When you fall in love with a married man, know that the whole gamut of feelings can wait for you and the man and his spouse. There’s resentment, anger, sadness, fear, disgust.

You’re slipping into what’s called a Karpman triangle. Where victim, rescuer, stalker are tightly bound and sometimes swap places. Well, it’s a hell of a thing to live in a triangle. But it’s up to you. Hopes, fantasies, illusions that the beloved will one day leave the family and be with you are companions for the long haul.

“Everyone has pretty pictures from their wedding, and I will too,” you think. As long as the encounters are forbidden, fleeting, and involve risk – you want them. And then even the scheduled risk ceases to cheer you up and threatens to mental irritation.

What’s not enough in such a relationship? Love is enough, but with responsibility – poor. No responsibility – and fight, there is no need to figure out the relationship. You knew what you were getting into from the very beginning. In order for the relationship to get stronger, to establish itself, there must be crises. And crises, in turn, imply a clarification of relations, and this includes fighting. And it turns out that it does not work out well. The relationship is unstable.

What does a married man get out of such a relationship? With a minimum of responsibility, there is practically “sex without boundaries,” which in a family with all its conventions and rules, is sometimes difficult to obtain. Adoration on the part of the partner, especially at first. He is welcome by definition. That he pays attention, comes over, smiles. Even once every two weeks. Always welcome.

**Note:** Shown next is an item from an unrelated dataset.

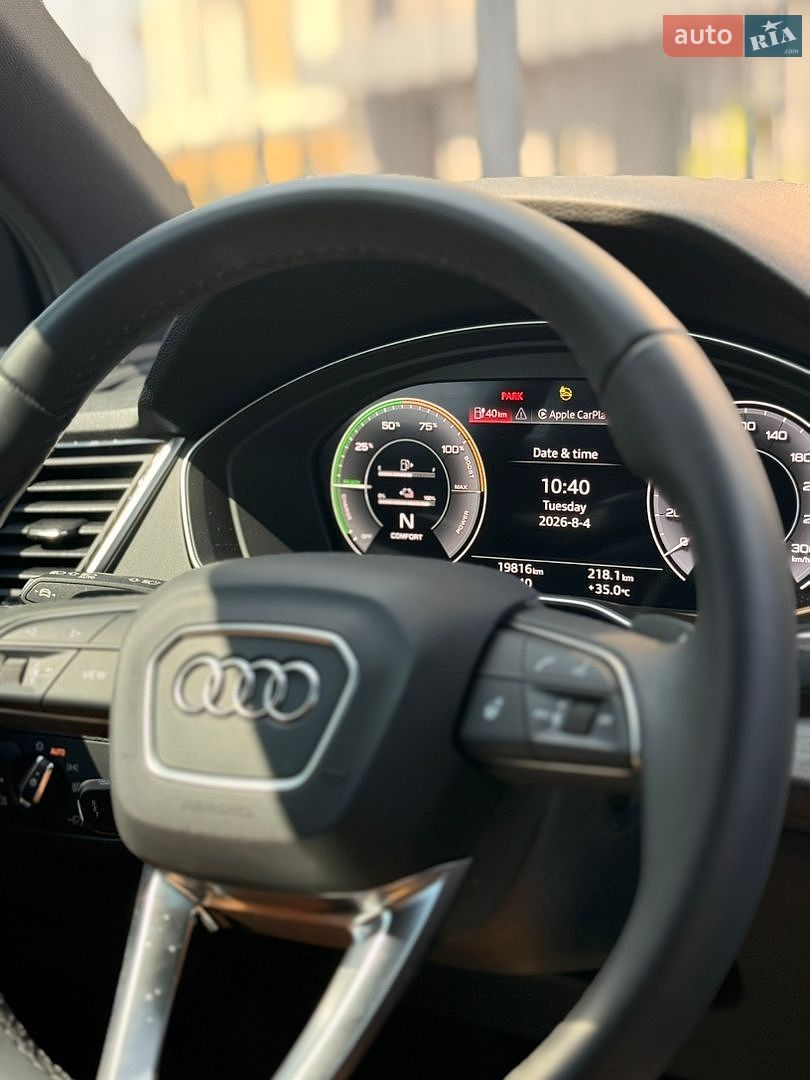 Audi Q5 2025 VIN WA1G2AFY9S2065779 фото оголошення 16 з 20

And this once again confirms its importance, not bad. In general, all these activities work on the self-esteem of a married man. And this fairy state of confidence, if it is difficult with internal supports and used to look for them outward, drags.

What are the dangers of loving a married man

If you’ve already moved into “mistress” status, it’s not out of the question that you’re with someone who is “both ours and yours.” Easy to cheat – well, his wife, at least, for sure. Manipulates – comes up with “interesting” explanations, and you believe it. Casting the hook more often with new bait – he is excellent at it. You guess his skill, but you practice self-deception.

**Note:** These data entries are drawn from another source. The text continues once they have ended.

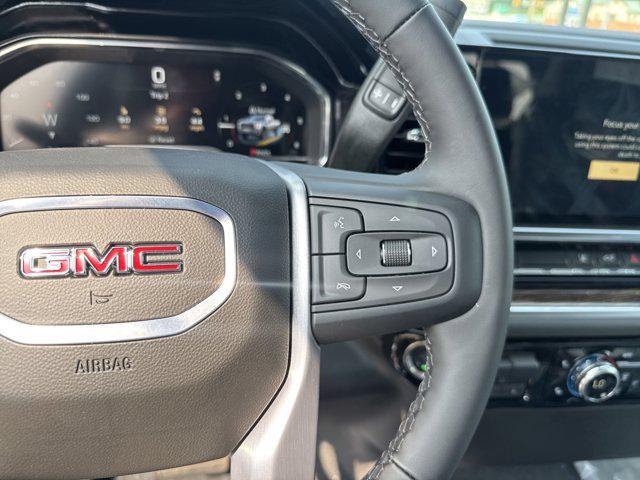 new 2025 GMC Sierra 2500 car, priced at $57,404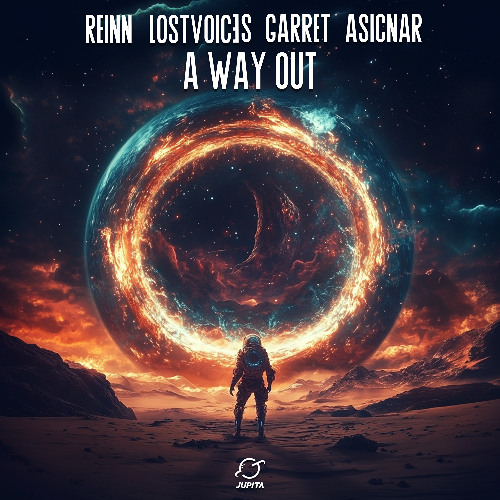 Reinn, LostVoic3s & Garret - A Way Out (feat. Asicnar)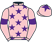 Mikey Hamill silk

The constant uncertainty and ambiguity in relationships knocks the ground out from under you. And the underlying awareness that you are destroying the family is not good. And the more sensitive ones are morally ready and quietly awaiting punishment from on high.

Interestingly, over time you yourself become jealous of your married lover’s spouse. Belonging entirely to you is not yet in his natal chart. Oh, and you don’t have much experience with married people yet, you’re suffering.

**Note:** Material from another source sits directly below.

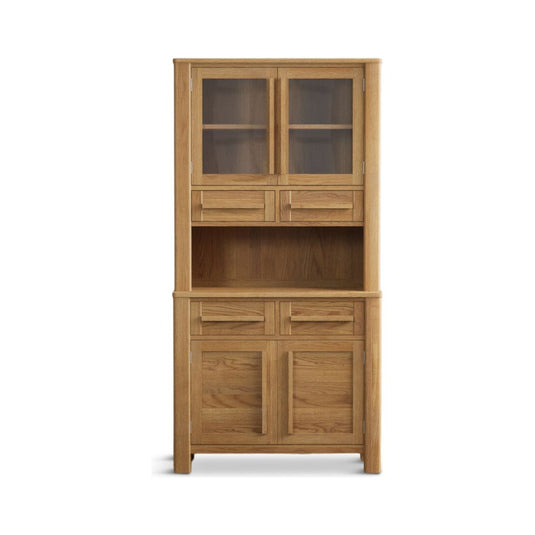 Walsham Solid Oak Small Dresser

All of the above are not vitamins for the psyche. The state of uncertainty, and even for several long days, months, years, brings you to a nervous breakdown. And often women who are in such love relationships with married men go to an astrologer, psychologist, psychotherapist, wherever.

They attend different trainings, looking for a way out of a dead end. Demonstrate their confusion, uncertainty and have already regretted a thousand times that they were too carried away by romance. And the legend that love for a married man, like all love, pleases the butterflies in the stomach is already annoying.

What advice could you give to others to warn them against making mistakes? Maybe don’t go deep? Or don’t open that Pandora’s box at all – love a married man. So as not to get lost in the proverbial love triangle like the Bermuda Triangle.

What would help? Oddly enough, a period of singleness in your life. Take time out. Better for a year, a lot? It’s times like this when it’s clear who is who. A lot of things about yourself, you begin to understand the undercurrents of true desires. Another thing is that it’s hard to stand this loneliness. And you want to latch on to someone, to fall in love, to become closer, to immerse yourself. Even a married man. Take your time.